以前この街で軍艦の艦長を務め、戦隊指揮官になった後、王都へ栄転していった男である。
貴族であるが、名乗る時には、家名の前にそれを示す『ド』の文字を付けることはなかった。『軍人としての自分を表すのに、余計な修飾語は不要』と言って。
ウェラルダル大佐……今現在は少将であるが……は、なかなかの傑物であるが、唯一の弱点があった。それは、全くお酒が呑めないこと、つまり『下戸』であるということである。
酒が吞める、吞めないなどというのは、体質や遺伝子、体格、体調、病気などの様々な要因によるものであり、それが男らしさだとか付き合いだとかで強要されたり馬鹿にされたりする理由となるようなことではない。吞めない者に飲酒を強要することは、毒を無理矢理飲ませることと同じであり、その結果を含めて、傷害罪や殺人未遂である。
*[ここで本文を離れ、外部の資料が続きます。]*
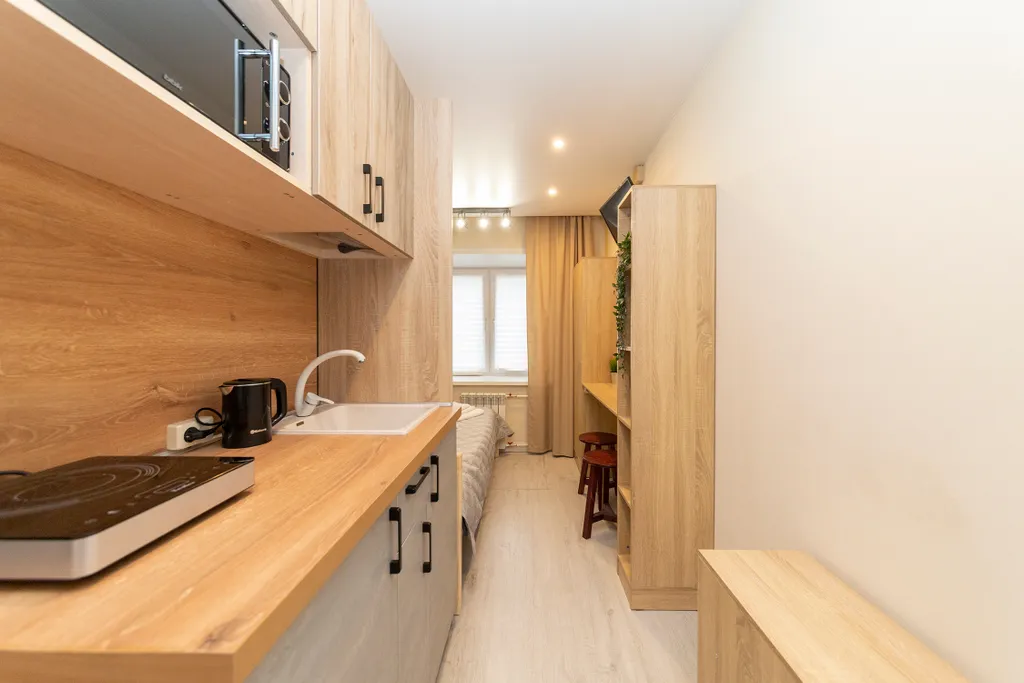 Уютная студия на набережной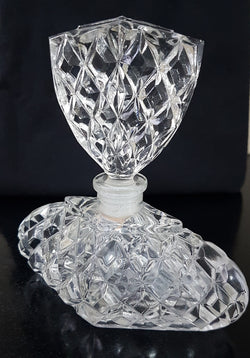 Vintage Crystal Perfume Bottle | Antique & Vintage | Moonee Ponds Antiques | Australia Wide Delivery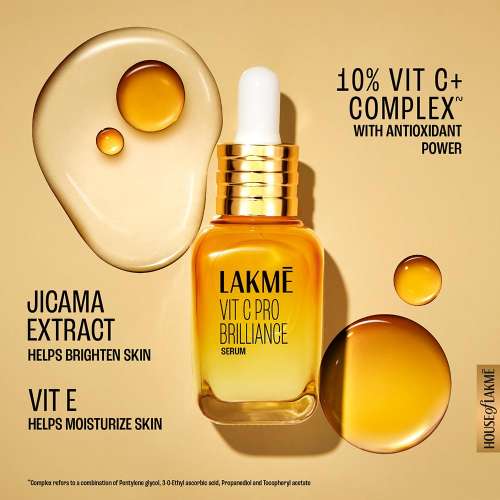 Lakme: Vit C brilliance serum 15ml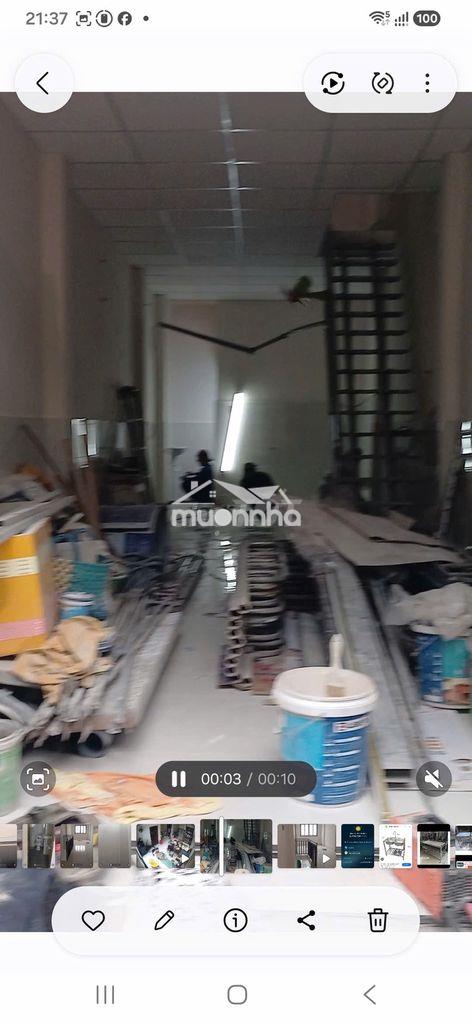 Nhà hẻm 1025 hậu giang p bình phú q6 cũ cần cho thuê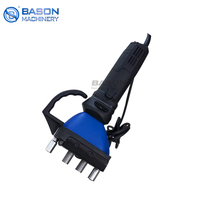 BSMT Scelleuse de joint manuelle portable électrique pour conduits de ventilation CVC, pour tôles galvanisées, type Pittsburgh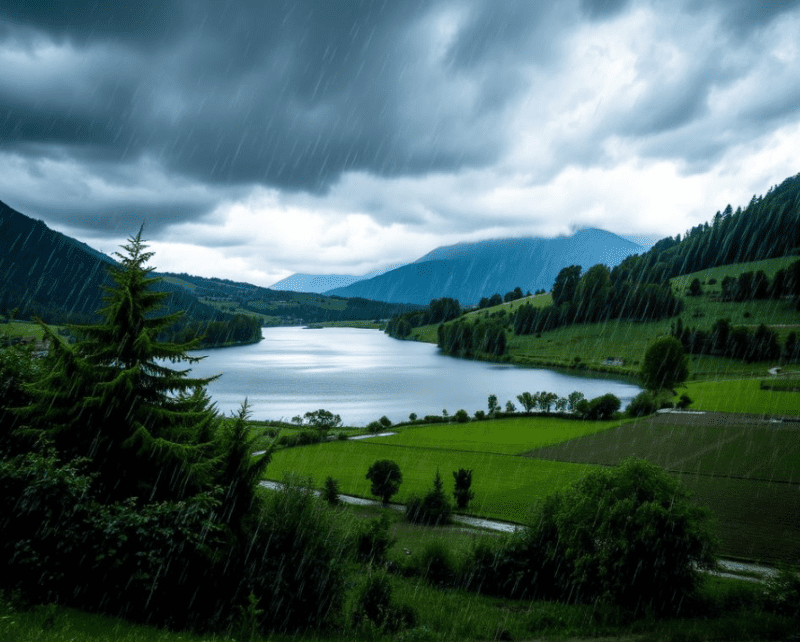 Erfahre, warum Unwetter in Österreich häufiger werden und wie du dich schützen kannst. Aktuelle Infos zu Starkregen, Hagel und Sturmböen für deine Sicherheit.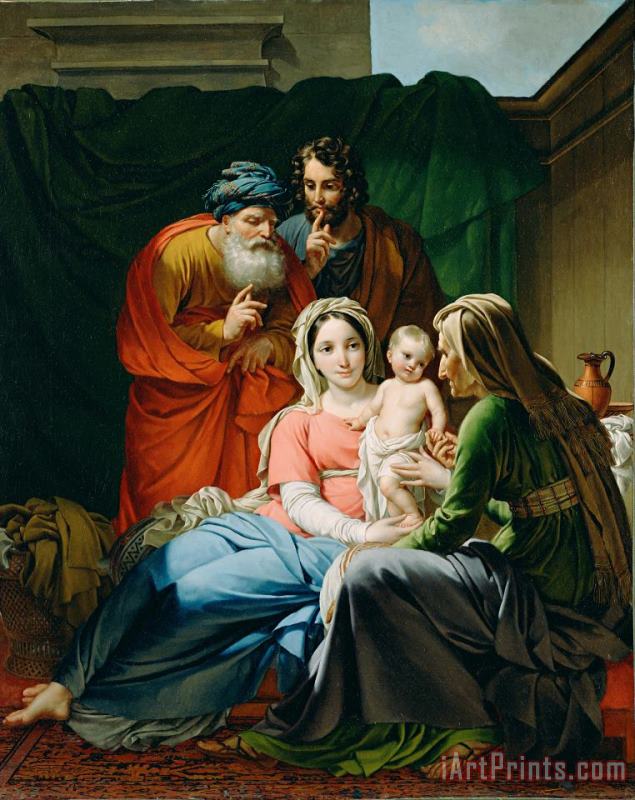 Joseph Paelinck  The Holy Family Art Print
……時には、『未遂』の文字がない、文字通りの『殺人』となることも多い。急性アルコール中毒とか、泥酔しての事故、吐瀉物を喉に詰まらせての窒息とかで。
しかし、こういう時代の船乗りにとっては、男らしさ、イコール酒に強い、というイメージが強かった。それは、酒を呑む以外に自慢できたり他の者に勝てることがない気の毒な者達の、最後の心の支えなのであろうか……。
とにかく、『そういう業界』において、酒が呑めないウェラルダル大佐は考えたらしい。
他の者に馬鹿にされず、そして情報交換やネゴシエーションの場である酒場に出入りするには、どうすれば良いか、と。
そして実行したのが、『堂々とアルコールのない飲み物を注文する』、『注文は、酒を注文するが如く、恰好を付けて、殊更に拘り、通ぶって』、そして『お酒以上の大金を支払う』ということであった。
ウェラルダル大佐がこの店で初めて注文したのは、『ピュア・ミルク、ステアで。ライムは2滴』だったそうである。そして、支払いは金貨1枚、釣りは無し。
先程の『異物』の注文は、バーテンダーにあの男を思い出させるに充分であり、そして返された言葉が『ティラドおじさまのこと?』である。
「奴の関係者なのか?」
ここでは、客に敬語を使ったりはしない。客同士も、そして客とバーテンダーも皆平等であり、外界での職業や階級は、扉を開けて店に入った瞬間から店を出るまでの間は、何の関係も無くなる。
「娘や孫ってわけじゃないよ。単なる、この店の紹介者。まぁ、他にもホーヴェアルさんとかアリスムスさんとかケレバクターさんとかからも紹介されたけど……」
ぶばっ!
げほごほ!
店内で、何やらせっかくのお酒を噴き出したり咽せたりする音が続いた。
「海軍のビッグネームばかりじゃないか……。何者だ、嬢ちゃん?」
『異物』は、歓喜した。
(ま、まさか、いつか言ってみたい台詞シリーズの中の、アレを言える日がやってくるなんて!)
そして歓喜に震えつつ放つ、あの名台詞!
「ある時は彫刻家。またある時は商店主。そしてある時は貴族の娘。しかして、その実体は!